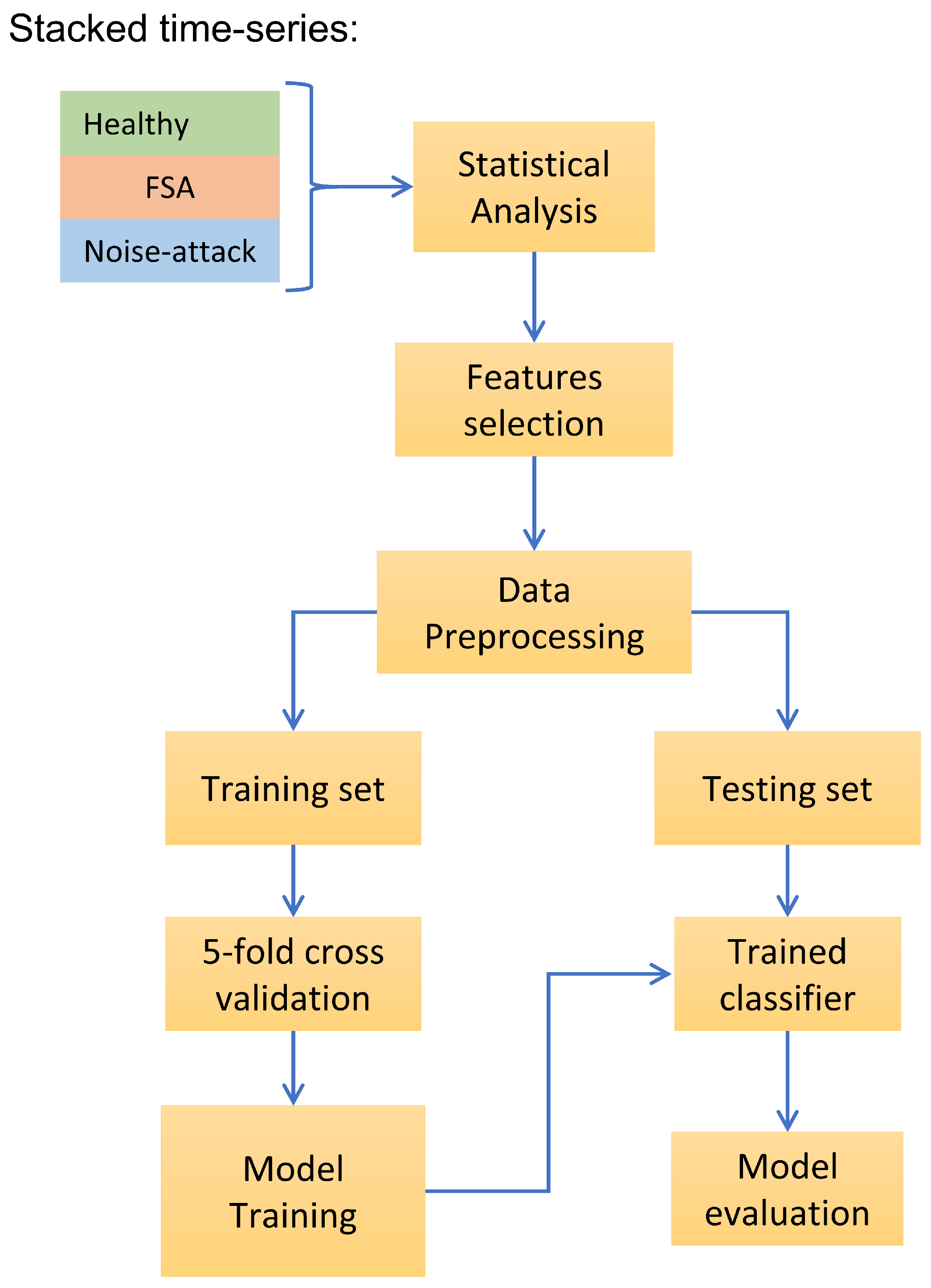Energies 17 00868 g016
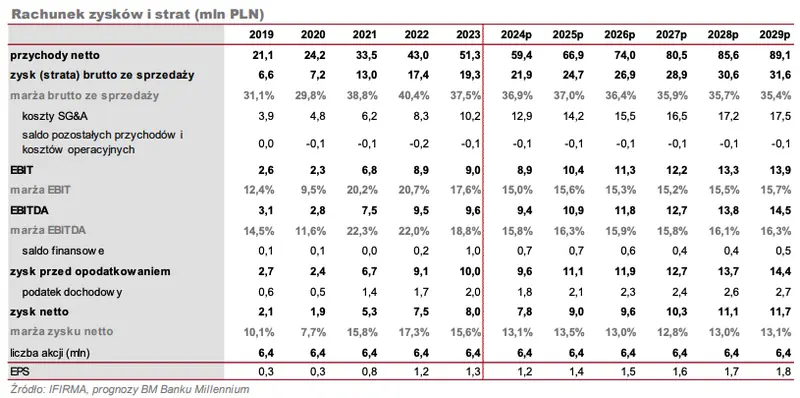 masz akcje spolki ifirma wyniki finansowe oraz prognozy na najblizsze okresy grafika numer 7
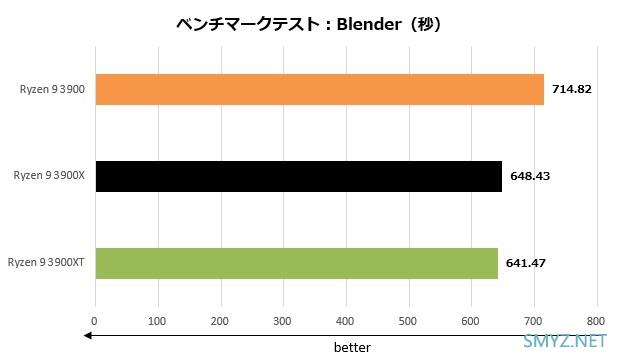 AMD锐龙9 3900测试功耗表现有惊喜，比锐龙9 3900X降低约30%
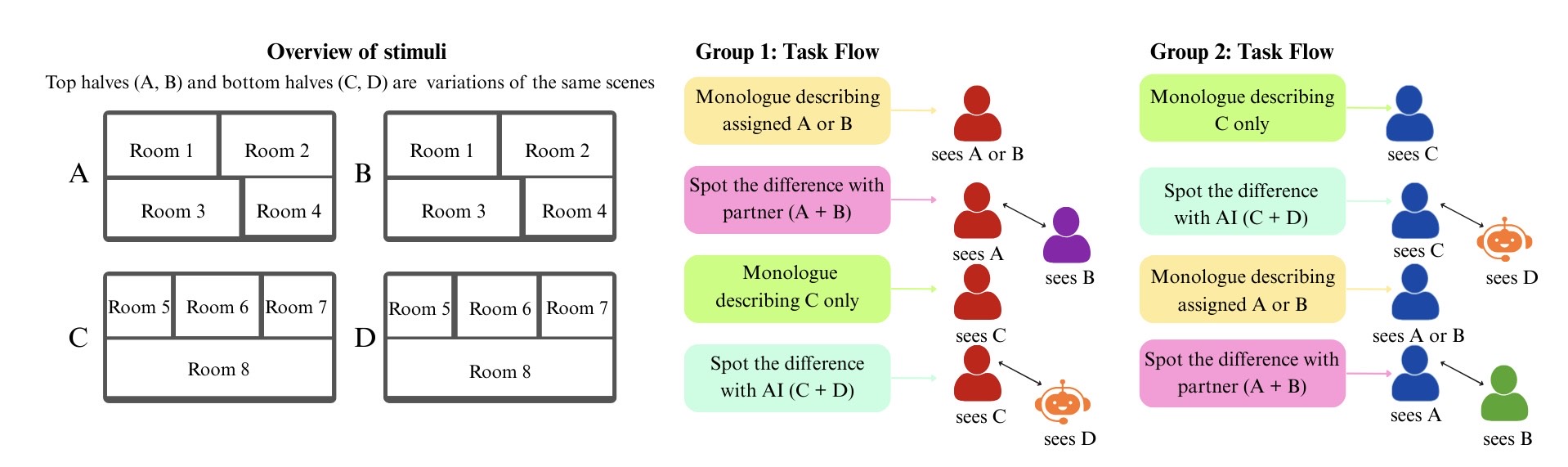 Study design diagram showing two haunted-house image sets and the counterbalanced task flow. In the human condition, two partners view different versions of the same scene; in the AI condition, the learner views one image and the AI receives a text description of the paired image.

### Assignment
Give exactly those lines of the listing that run from its first line through the line with "AMD锐龙9 3900测试功耗表现有惊喜，比锐龙9 3900X降低约30%", leaving each picture out.

### Problem solution
Energies 17 00868 g016
 masz akcje spolki ifirma wyniki finansowe oraz prognozy na najblizsze okresy grafika numer 7
 AMD锐龙9 3900测试功耗表现有惊喜，比锐龙9 3900X降低约30%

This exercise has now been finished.